4

I have a series of ListView objects in Fragments that are being populated by a CursorAdapter which gets a Cursor from the LoaderManager for the activity. As I understand it, all database and Cursor close actions are completely handled by the LoaderManager and the ContentProvider, so at no point in any of the code am I calling .close() on anything.
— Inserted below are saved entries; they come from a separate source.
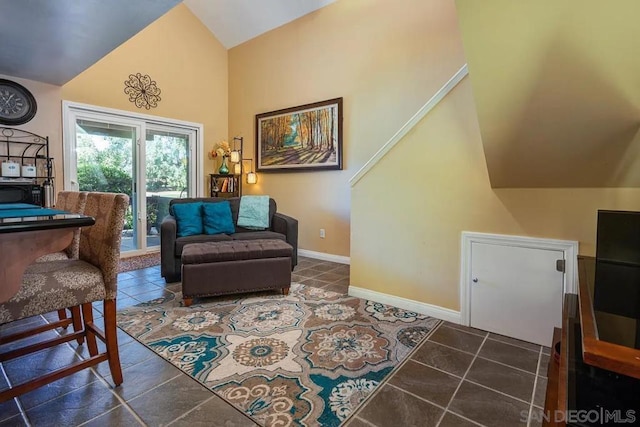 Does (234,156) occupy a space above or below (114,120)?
below

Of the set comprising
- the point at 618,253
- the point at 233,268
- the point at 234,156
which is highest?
the point at 234,156

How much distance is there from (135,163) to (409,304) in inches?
162

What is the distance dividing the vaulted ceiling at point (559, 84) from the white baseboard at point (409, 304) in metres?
1.17

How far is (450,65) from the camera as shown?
3256 mm

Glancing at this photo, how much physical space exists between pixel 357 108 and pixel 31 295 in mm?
3523

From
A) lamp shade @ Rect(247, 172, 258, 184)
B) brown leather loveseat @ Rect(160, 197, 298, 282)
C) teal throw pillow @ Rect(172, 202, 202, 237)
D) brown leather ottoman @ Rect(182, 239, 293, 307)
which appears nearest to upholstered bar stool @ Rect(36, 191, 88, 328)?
brown leather ottoman @ Rect(182, 239, 293, 307)

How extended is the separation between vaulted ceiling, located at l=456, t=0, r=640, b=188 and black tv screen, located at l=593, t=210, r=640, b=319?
1.17 feet

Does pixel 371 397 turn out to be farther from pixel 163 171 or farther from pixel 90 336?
pixel 163 171

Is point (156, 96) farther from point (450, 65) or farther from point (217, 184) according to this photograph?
point (450, 65)

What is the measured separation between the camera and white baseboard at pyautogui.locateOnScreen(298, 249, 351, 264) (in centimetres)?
412

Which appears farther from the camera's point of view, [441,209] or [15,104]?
[15,104]

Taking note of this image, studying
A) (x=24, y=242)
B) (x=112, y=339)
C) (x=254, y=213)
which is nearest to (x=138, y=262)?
(x=254, y=213)

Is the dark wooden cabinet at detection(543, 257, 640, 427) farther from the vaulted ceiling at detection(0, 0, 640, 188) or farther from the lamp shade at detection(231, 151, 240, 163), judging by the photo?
the lamp shade at detection(231, 151, 240, 163)

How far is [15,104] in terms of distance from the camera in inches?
131
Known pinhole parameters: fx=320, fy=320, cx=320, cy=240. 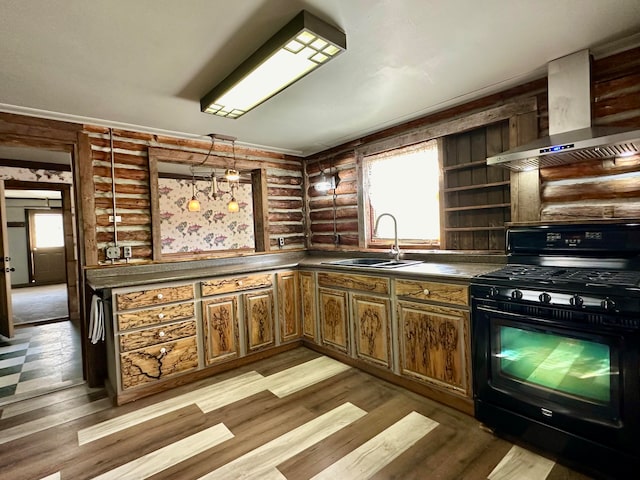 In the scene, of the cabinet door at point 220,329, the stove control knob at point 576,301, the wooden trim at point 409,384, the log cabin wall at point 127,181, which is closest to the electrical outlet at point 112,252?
the log cabin wall at point 127,181

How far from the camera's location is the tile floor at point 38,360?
306cm

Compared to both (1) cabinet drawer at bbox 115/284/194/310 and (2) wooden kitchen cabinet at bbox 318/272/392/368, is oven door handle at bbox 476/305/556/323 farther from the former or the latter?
(1) cabinet drawer at bbox 115/284/194/310

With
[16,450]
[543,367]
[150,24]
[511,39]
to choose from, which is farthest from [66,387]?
[511,39]

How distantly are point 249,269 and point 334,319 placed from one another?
105 cm

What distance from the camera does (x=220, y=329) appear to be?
3193 millimetres

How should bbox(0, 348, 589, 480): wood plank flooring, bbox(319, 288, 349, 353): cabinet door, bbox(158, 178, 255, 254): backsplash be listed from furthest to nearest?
bbox(158, 178, 255, 254): backsplash
bbox(319, 288, 349, 353): cabinet door
bbox(0, 348, 589, 480): wood plank flooring

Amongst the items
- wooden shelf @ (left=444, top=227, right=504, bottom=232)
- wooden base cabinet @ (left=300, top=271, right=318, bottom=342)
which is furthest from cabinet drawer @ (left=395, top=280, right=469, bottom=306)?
wooden base cabinet @ (left=300, top=271, right=318, bottom=342)

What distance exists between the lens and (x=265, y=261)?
13.8 ft

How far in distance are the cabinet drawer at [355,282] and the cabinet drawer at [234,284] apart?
62 cm

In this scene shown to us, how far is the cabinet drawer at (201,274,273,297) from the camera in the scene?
10.3ft

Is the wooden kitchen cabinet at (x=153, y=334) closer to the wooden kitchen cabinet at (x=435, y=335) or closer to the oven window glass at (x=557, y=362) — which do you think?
the wooden kitchen cabinet at (x=435, y=335)

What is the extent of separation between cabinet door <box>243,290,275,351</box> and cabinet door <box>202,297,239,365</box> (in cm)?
14

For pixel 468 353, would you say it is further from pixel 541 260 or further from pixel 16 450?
pixel 16 450

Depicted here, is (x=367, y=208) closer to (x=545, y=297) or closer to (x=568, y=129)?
(x=568, y=129)
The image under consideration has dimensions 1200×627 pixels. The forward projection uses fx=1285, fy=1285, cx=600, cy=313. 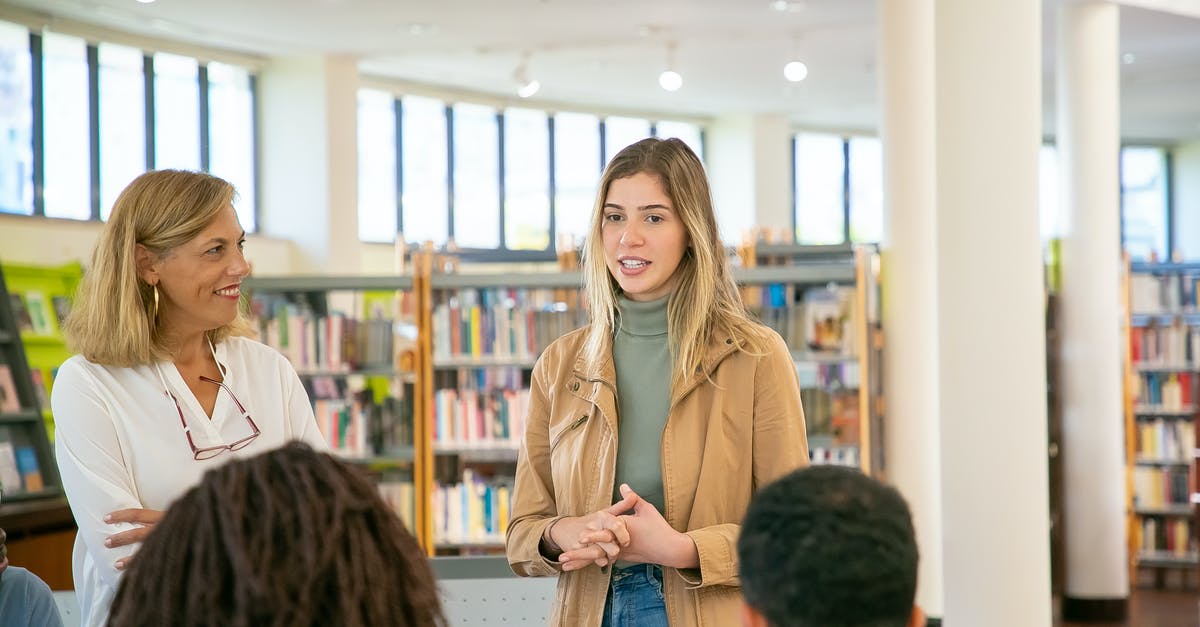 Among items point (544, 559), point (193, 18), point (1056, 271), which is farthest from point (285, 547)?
point (193, 18)

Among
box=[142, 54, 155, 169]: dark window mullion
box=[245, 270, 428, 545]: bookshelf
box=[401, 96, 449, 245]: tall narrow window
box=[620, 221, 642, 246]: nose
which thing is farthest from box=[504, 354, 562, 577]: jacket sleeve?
box=[401, 96, 449, 245]: tall narrow window

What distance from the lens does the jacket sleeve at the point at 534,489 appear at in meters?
2.10

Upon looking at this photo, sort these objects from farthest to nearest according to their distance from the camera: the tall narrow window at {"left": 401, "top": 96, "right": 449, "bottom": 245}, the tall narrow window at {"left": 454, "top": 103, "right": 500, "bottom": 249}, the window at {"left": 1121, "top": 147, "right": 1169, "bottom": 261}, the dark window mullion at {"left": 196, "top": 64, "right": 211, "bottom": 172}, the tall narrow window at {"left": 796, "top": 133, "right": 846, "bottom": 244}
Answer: the window at {"left": 1121, "top": 147, "right": 1169, "bottom": 261}
the tall narrow window at {"left": 796, "top": 133, "right": 846, "bottom": 244}
the tall narrow window at {"left": 454, "top": 103, "right": 500, "bottom": 249}
the tall narrow window at {"left": 401, "top": 96, "right": 449, "bottom": 245}
the dark window mullion at {"left": 196, "top": 64, "right": 211, "bottom": 172}

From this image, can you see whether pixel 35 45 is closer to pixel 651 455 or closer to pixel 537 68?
pixel 537 68

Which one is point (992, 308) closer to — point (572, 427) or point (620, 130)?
point (572, 427)

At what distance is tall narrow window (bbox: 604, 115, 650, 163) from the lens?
15.4 meters

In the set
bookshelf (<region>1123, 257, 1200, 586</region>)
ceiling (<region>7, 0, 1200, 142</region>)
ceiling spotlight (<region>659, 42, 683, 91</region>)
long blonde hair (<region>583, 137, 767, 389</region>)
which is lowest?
bookshelf (<region>1123, 257, 1200, 586</region>)

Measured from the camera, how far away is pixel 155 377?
2137mm

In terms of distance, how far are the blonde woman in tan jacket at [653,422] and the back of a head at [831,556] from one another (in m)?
0.60

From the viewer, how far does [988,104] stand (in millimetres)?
4969

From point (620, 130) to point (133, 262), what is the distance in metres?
13.6

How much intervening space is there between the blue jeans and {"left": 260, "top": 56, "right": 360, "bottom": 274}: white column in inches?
403

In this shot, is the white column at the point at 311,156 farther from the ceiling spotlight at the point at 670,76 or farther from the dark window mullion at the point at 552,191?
the dark window mullion at the point at 552,191

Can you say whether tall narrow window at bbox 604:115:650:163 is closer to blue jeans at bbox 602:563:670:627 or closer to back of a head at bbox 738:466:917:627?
blue jeans at bbox 602:563:670:627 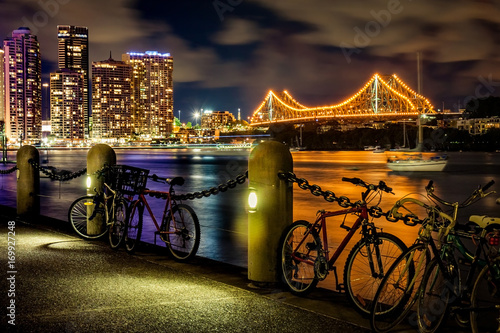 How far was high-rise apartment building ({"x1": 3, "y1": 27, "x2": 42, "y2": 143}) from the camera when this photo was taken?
12106 cm

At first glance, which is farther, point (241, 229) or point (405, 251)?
point (241, 229)

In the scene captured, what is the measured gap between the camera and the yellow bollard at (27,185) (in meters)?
10.1

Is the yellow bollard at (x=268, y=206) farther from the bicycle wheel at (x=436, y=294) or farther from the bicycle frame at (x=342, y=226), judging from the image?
the bicycle wheel at (x=436, y=294)

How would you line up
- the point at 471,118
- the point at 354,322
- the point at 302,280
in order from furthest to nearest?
1. the point at 471,118
2. the point at 302,280
3. the point at 354,322

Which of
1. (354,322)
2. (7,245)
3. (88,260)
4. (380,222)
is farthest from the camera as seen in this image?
(380,222)

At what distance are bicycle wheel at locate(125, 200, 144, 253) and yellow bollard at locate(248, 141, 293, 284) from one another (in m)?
2.10

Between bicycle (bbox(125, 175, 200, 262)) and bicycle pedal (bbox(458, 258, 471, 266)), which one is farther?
bicycle (bbox(125, 175, 200, 262))

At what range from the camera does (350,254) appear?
4.59 meters

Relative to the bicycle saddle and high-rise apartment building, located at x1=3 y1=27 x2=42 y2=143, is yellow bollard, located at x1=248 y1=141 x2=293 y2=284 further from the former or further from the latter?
high-rise apartment building, located at x1=3 y1=27 x2=42 y2=143

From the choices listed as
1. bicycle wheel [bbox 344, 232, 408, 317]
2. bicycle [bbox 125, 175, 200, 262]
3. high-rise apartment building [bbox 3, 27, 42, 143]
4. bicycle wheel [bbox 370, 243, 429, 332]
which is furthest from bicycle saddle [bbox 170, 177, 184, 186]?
high-rise apartment building [bbox 3, 27, 42, 143]

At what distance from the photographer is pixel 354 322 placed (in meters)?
4.38

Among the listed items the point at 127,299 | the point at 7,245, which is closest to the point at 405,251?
the point at 127,299

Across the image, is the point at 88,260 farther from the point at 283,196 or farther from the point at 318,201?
the point at 318,201

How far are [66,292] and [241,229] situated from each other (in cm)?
501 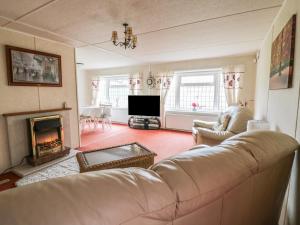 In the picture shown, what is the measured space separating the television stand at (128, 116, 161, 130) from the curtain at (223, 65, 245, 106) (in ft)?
7.75

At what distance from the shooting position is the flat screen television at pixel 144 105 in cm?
520

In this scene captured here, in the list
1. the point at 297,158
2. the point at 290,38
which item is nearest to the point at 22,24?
the point at 290,38

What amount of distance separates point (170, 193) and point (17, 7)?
2.59 metres

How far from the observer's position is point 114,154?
2102 millimetres

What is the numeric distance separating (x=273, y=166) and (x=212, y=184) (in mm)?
531

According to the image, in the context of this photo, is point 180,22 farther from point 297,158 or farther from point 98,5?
point 297,158

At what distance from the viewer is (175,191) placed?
0.55 meters

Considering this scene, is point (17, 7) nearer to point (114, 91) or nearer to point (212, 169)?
point (212, 169)

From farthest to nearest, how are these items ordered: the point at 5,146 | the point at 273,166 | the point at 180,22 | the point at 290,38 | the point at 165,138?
the point at 165,138, the point at 5,146, the point at 180,22, the point at 290,38, the point at 273,166

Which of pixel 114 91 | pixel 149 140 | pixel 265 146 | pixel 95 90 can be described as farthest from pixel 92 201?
pixel 95 90

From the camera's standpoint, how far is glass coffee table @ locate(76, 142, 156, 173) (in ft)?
5.75

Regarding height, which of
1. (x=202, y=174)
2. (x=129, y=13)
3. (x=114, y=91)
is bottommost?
(x=202, y=174)

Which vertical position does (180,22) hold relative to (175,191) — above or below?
above

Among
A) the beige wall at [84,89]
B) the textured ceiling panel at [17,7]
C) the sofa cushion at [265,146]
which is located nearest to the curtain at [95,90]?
the beige wall at [84,89] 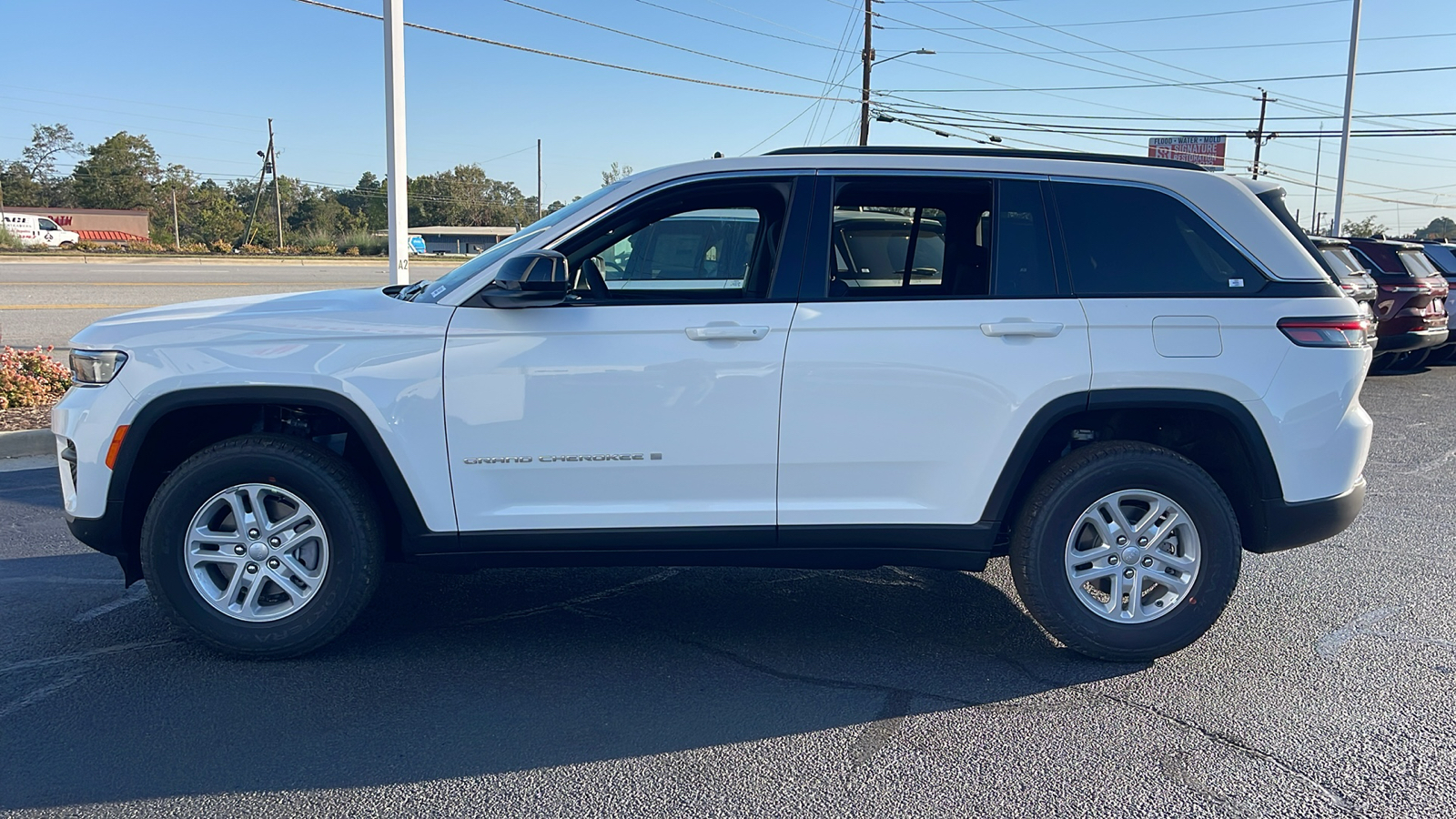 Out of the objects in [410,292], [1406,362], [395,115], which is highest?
[395,115]

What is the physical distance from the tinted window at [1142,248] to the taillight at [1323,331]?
8.0 inches

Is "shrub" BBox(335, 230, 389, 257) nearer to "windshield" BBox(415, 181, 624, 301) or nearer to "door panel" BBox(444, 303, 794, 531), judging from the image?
"windshield" BBox(415, 181, 624, 301)

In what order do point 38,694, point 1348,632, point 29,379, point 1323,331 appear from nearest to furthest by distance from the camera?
1. point 38,694
2. point 1323,331
3. point 1348,632
4. point 29,379

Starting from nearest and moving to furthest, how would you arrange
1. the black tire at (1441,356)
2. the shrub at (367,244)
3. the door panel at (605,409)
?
the door panel at (605,409) < the black tire at (1441,356) < the shrub at (367,244)

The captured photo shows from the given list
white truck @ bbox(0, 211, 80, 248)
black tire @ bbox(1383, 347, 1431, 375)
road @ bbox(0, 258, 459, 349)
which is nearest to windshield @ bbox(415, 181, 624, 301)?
road @ bbox(0, 258, 459, 349)

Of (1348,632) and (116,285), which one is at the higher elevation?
(116,285)

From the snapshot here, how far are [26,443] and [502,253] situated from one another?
5835 mm

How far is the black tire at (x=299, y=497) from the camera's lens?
3.86m

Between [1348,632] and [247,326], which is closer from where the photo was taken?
[247,326]

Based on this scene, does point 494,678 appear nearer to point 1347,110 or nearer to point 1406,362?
point 1406,362

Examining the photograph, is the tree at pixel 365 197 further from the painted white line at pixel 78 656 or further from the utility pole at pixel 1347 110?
the painted white line at pixel 78 656

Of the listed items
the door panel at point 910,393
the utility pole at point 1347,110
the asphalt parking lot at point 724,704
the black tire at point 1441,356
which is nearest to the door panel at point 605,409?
the door panel at point 910,393

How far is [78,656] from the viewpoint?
4.04 meters

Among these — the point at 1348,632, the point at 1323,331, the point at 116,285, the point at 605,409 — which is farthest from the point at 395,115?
the point at 116,285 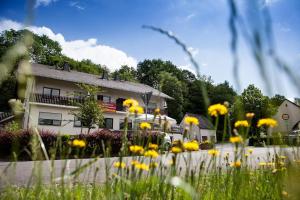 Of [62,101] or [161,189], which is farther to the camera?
[62,101]

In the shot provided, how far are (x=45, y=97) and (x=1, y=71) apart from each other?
1113 inches

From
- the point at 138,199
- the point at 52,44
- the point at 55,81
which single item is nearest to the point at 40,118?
the point at 55,81

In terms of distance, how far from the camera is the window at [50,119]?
88.4 ft

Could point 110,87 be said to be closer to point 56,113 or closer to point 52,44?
point 56,113

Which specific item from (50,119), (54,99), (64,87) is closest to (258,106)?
(50,119)

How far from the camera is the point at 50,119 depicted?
27641mm

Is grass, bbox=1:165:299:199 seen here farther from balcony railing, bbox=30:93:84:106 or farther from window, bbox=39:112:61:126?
window, bbox=39:112:61:126

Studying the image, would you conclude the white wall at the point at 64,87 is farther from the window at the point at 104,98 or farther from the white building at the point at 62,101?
the window at the point at 104,98

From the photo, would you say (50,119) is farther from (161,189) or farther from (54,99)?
(161,189)

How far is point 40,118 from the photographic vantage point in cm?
2691

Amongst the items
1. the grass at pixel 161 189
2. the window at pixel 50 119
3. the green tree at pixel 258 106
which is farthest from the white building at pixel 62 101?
the green tree at pixel 258 106

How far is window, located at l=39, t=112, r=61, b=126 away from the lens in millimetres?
26938

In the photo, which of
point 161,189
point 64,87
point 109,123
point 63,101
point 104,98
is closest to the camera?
point 161,189

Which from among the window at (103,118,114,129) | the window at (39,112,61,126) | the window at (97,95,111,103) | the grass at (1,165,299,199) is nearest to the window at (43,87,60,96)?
the window at (39,112,61,126) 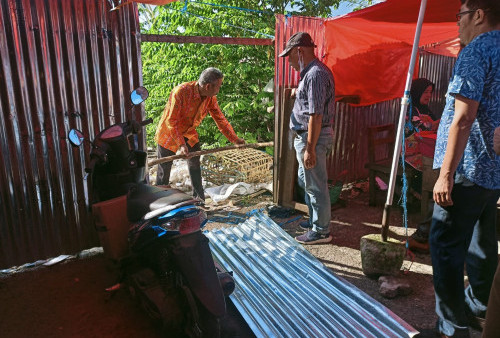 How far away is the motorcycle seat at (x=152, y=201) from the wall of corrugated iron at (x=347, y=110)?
286 cm

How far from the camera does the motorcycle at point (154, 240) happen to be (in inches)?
88.2

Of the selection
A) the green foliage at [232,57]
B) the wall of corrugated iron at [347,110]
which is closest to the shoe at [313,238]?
the wall of corrugated iron at [347,110]

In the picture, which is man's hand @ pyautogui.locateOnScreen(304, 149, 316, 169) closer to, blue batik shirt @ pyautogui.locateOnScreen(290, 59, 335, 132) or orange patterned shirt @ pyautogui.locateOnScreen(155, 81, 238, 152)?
blue batik shirt @ pyautogui.locateOnScreen(290, 59, 335, 132)

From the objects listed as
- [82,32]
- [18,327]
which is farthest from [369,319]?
[82,32]

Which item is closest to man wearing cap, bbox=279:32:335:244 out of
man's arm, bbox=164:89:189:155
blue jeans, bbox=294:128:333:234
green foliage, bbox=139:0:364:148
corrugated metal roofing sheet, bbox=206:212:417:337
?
blue jeans, bbox=294:128:333:234

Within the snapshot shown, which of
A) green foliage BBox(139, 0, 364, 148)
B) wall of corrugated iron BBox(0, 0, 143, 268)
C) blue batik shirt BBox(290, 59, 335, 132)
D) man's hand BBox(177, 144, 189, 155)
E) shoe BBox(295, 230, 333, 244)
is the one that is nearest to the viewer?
wall of corrugated iron BBox(0, 0, 143, 268)

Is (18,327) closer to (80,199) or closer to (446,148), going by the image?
(80,199)

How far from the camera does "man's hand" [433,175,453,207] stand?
217 cm

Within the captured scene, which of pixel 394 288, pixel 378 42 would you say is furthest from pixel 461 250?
pixel 378 42

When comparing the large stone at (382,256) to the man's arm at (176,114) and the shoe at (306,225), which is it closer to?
the shoe at (306,225)

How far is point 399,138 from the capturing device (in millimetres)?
3127

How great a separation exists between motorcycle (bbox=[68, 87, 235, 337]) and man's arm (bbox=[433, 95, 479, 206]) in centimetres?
151

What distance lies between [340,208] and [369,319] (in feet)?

Sometimes, however, I get this exception:

02-19 11:07:12.308 E/AndroidRuntime(18777): java.lang.IllegalStateException: attempt to re-open an already-closed object: android.database.sqlite.SQLiteQuery (mSql = SELECT * FROM privileges WHERE uuid!=?) 
02-19 11:07:12.308 E/AndroidRuntime(18777): at android.database.sqlite.SQLiteClosable.acquireReference(SQLiteClosable.java:33)
02-19 11:07:12.308 E/AndroidRuntime(18777): at android.database.sqlite.SQLiteQuery.fillWindow(SQLiteQuery.java:82)
02-19 11:07:12.308 E/AndroidRuntime(18777): at android.database.sqlite.SQLiteCursor.fillWindow(SQLiteCursor.java:164)
02-19 11:07:12.308 E/AndroidRuntime(18777): at android.database.sqlite.SQLiteCursor.onMove(SQLiteCursor.java:147)
02-19 11:07:12.308 E/AndroidRuntime(18777): at android.database.AbstractCursor.moveToPosition(AbstractCursor.java:178)
02-19 11:07:12.308 E/AndroidRuntime(18777): at android.database.CursorWrapper.moveToPosition(CursorWrapper.java:162)
02-19 11:07:12.308 E/AndroidRuntime(18777): at android.widget.CursorAdapter.getView(CursorAdapter.java:241)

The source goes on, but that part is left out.